Eles brincavam nos bosques abertos do vilarejo, correndo entre as casas e ruas do comércio, nadando no riacho e escalando árvores para ver quem conseguia ir mais alto. Sem concorrentes à altura, Yusuke ganhava enquanto Tetsurou dava seu apoio moral com os pés bem firmes no chão. Mimadinho, as outras crianças pensavam, irritadas, porque o herdeiro dos Seki não podia calejar suas mãos e arriscar arranhar a pele imaculada. Antes Yusuke o defendia; agora concordaria sobre ele ser um merdinha mimado que não sobreviveria nem um dia fora dos muros do seu palácio.
Mas todo receio que Tetsurou tinha em subir em uma árvore desaparecia quando ficavam só os dois, investigando os cantos não-tão-inexplorados-assim da mata. Enquanto um se fazia de corajoso, fingindo que galhos eram espadas, o outro ia lento e sempre atrás, parando a cada minuto para prestar atenção na flora local ou descansar os pés delicados. Embora hoje Yusuke seja a imagem da impaciência, naquela época deixava o outro demorar o quanto quisesse, sem ficar emburrado ou gritar com ele.
Numa dessas aventuras, acharam uma escadaria de pedra e subiram. Atravessaram quatrocentos e setenta e um portais vermelhos enfileirados, um atrás do outro, por duas horas pelo percurso no sopé da montanha Akayama — teria sido menos se Tetsurou não fosse tão lento, os pés sangrando por qualquer coisinha que pisava. Duas crianças mortas de cansaço, mas cheias de curiosidade a fim de descobrir o que havia além das estátuas de raposas lá em cima. Foi o que moveu cada um até o último portal que separava o mundo dos homens daquele onde moravam os Deuses. Suspiros de encantamento deixaram seus lábios ao encontrarem o que parecia um oásis no meio de árvores e grama e folhas e mais folhas. Era o santuário de Inari Ōkami, símbolo da prosperidade e protetora do cultivo do arroz — e o mais novo esconderijo da dupla. A partir dali, era onde aconteceriam seus encontros secretos e brincadeiras, acabando com a paz dos sacerdotes da Deusa.
O que antes era um templo tranquilo virou uma bagunça. Eles corriam, subiam nas plataformas mais altas e fuxicavam os objetos sagrados. Os sacerdotes temiam que, mesmo sem intenção, a vulgarização dos símbolos divinos pudesse atrair má sorte para o vilarejo. Não foram poucas as vezes que Tetsurou e Yusuke foram castigados com vassouras de palha, mil broncas sendo despejadas sobre eles. Quando perceberam que não adiantava, os servos da Deusa tentaram um método diferente.

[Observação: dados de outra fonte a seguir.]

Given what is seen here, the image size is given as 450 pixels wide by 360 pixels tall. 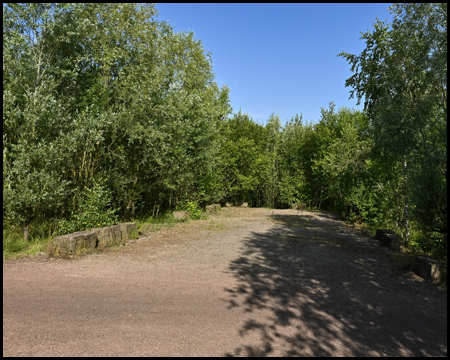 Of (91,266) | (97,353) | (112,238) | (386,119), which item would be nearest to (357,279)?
(386,119)

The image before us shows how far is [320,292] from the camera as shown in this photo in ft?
16.8

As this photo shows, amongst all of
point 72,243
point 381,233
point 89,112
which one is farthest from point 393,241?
point 89,112

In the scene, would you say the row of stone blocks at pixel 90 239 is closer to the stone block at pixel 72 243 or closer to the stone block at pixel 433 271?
the stone block at pixel 72 243

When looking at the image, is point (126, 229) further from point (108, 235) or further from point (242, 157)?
point (242, 157)

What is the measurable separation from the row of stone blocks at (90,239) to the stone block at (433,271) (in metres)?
7.05

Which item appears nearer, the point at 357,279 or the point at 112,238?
the point at 357,279

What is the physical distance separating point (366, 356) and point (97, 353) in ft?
9.02

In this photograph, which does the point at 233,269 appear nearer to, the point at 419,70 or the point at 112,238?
the point at 112,238

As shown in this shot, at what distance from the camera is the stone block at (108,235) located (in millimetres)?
7723

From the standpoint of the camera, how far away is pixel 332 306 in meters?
4.55

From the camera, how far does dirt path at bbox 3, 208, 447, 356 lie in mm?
3365

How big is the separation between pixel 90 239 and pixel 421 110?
782cm

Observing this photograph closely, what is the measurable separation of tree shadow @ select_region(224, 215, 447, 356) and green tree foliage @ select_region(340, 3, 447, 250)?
1.69m

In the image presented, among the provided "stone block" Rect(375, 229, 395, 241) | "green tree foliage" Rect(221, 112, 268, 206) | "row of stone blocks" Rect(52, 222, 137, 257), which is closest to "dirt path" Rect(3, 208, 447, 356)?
"row of stone blocks" Rect(52, 222, 137, 257) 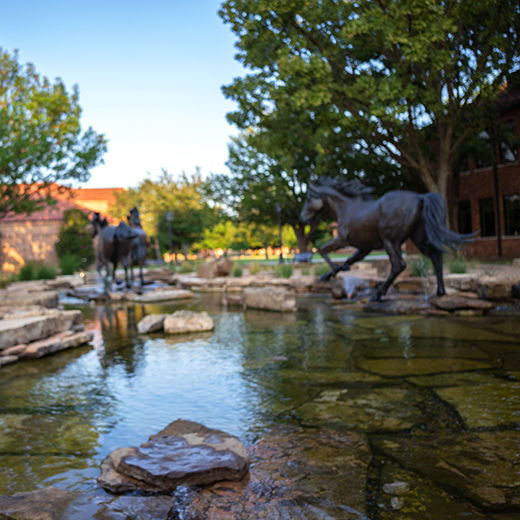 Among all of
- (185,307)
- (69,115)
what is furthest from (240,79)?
(69,115)

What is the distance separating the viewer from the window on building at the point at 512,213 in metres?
21.4

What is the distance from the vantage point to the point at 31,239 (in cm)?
3325

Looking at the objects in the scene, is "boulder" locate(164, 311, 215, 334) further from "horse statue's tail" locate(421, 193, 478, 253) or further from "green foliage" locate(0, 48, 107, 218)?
Result: "green foliage" locate(0, 48, 107, 218)

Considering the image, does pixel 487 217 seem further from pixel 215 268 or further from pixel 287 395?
pixel 287 395

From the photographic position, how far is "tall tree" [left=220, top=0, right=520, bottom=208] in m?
12.0

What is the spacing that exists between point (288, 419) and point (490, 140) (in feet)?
62.5

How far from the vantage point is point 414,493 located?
2.25 meters

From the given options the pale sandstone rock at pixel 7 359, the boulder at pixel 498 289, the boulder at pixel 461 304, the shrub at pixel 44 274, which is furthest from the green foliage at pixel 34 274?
the boulder at pixel 498 289

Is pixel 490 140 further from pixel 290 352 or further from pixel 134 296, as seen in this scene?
pixel 290 352

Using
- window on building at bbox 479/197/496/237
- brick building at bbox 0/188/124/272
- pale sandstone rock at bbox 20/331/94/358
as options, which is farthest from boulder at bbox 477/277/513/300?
brick building at bbox 0/188/124/272

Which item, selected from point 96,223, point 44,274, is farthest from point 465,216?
point 44,274

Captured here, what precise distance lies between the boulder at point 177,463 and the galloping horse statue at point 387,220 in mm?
6585

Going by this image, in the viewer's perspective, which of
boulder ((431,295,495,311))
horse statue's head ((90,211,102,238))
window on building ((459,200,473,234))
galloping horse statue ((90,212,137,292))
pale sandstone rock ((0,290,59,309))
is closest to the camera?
boulder ((431,295,495,311))

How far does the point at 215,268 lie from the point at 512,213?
560 inches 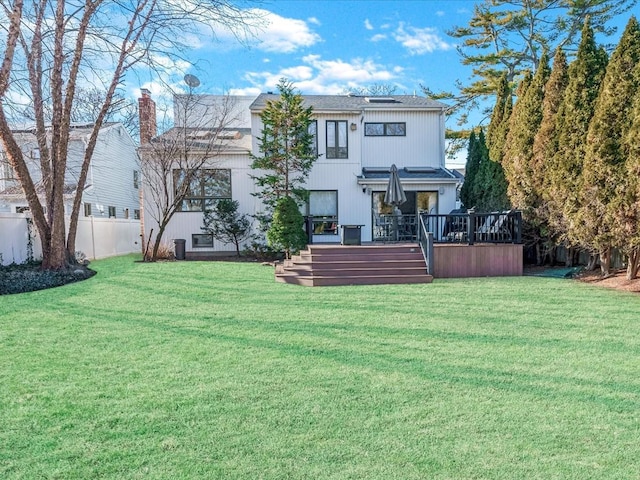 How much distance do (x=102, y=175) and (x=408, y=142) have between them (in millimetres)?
15657

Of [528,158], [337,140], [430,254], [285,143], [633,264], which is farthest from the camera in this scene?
[337,140]

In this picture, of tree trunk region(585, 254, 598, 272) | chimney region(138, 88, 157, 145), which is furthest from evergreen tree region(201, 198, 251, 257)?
tree trunk region(585, 254, 598, 272)

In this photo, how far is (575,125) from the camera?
8.89 metres

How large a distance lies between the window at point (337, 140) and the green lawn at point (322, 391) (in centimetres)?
933

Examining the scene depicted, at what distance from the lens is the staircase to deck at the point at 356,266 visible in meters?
8.89

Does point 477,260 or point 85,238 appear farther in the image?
point 85,238

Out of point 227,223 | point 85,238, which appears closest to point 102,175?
point 85,238

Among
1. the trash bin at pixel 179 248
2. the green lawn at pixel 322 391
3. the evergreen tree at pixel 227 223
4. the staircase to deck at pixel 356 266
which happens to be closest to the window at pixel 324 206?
the evergreen tree at pixel 227 223

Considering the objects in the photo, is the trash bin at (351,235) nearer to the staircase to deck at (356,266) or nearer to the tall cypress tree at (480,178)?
the staircase to deck at (356,266)

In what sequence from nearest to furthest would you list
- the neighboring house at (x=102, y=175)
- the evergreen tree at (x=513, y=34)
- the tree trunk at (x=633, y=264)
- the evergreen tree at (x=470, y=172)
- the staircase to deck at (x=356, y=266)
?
the tree trunk at (x=633, y=264) → the staircase to deck at (x=356, y=266) → the evergreen tree at (x=470, y=172) → the neighboring house at (x=102, y=175) → the evergreen tree at (x=513, y=34)

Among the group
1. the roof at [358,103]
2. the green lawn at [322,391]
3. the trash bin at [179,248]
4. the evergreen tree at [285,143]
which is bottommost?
the green lawn at [322,391]

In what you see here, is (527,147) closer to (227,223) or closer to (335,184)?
(335,184)

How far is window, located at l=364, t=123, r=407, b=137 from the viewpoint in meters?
15.6

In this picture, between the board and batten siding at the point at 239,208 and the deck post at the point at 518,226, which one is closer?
the deck post at the point at 518,226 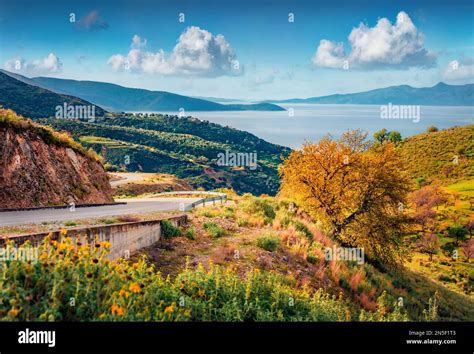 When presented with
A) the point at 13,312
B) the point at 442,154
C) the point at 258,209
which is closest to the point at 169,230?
the point at 258,209

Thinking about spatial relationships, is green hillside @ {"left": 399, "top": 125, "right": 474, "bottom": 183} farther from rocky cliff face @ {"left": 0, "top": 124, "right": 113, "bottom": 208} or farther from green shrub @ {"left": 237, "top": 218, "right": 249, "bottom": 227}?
rocky cliff face @ {"left": 0, "top": 124, "right": 113, "bottom": 208}

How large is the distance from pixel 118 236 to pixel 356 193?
15.5 meters

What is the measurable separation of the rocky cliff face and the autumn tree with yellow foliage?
33.9 ft

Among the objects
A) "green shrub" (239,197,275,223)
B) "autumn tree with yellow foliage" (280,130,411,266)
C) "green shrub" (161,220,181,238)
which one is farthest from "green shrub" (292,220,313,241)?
"green shrub" (161,220,181,238)

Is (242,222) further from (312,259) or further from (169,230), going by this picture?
(169,230)

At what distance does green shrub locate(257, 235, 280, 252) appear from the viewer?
12.5 meters

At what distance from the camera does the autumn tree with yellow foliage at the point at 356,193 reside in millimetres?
22125

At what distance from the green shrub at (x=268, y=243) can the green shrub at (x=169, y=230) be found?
7.53ft

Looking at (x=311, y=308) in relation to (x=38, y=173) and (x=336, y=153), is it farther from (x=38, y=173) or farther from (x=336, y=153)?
(x=336, y=153) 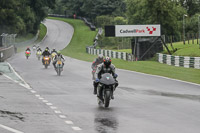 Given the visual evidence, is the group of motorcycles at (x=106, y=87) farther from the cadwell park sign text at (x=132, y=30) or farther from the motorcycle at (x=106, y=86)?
the cadwell park sign text at (x=132, y=30)

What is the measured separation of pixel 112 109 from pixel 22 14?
8380 centimetres

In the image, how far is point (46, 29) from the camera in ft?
375

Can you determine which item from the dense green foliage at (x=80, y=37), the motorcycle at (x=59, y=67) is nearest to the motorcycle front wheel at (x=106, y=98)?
the motorcycle at (x=59, y=67)

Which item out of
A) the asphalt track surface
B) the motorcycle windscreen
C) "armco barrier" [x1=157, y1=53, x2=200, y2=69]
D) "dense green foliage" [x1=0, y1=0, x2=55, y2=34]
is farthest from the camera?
"dense green foliage" [x1=0, y1=0, x2=55, y2=34]

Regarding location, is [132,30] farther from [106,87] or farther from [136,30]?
[106,87]

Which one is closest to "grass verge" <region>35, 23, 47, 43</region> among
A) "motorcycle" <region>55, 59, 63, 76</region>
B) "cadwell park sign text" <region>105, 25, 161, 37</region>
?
"cadwell park sign text" <region>105, 25, 161, 37</region>

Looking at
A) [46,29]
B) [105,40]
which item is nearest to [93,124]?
[105,40]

Em questão de dias, ambos aprenderam a orar, fazer oferendas e meditar. Só precisaram de algumas das raposinhas que rondavam por ali para convencer os meninos a cultuarem Inari da forma correta.
Ninguém soube o que aconteceu, mas as raposas começaram a desaparecer, até sumirem completamente. Isso intrigou os sacerdotes, imaginando que fosse sinal de mau presságio. A presença daquelas crianças estava irritando a Deusa!
Ainda assim, Yusuke e Tetsurou não deixaram de rezar, muito menos de brincar. Adoravam imitar a coreografia da sagrada dança Kagura apresentada em festivais, e tentavam aplicá-la, sem sucesso, no palco do templo. Pegos no flagra pelos sacerdotes, repetiam as mesmas ações: prometiam parar, mas assim que lhes davam as costas, riam travessos e voltavam a correr até cansar. Deitando-se na escada de madeira do oratório, conversavam com a Deusa por horas olhando para o céu.
— Ela gosta das brincadeiras — dizia Yusuke, vendo como Tetsurou se encolhia todo após as broncas.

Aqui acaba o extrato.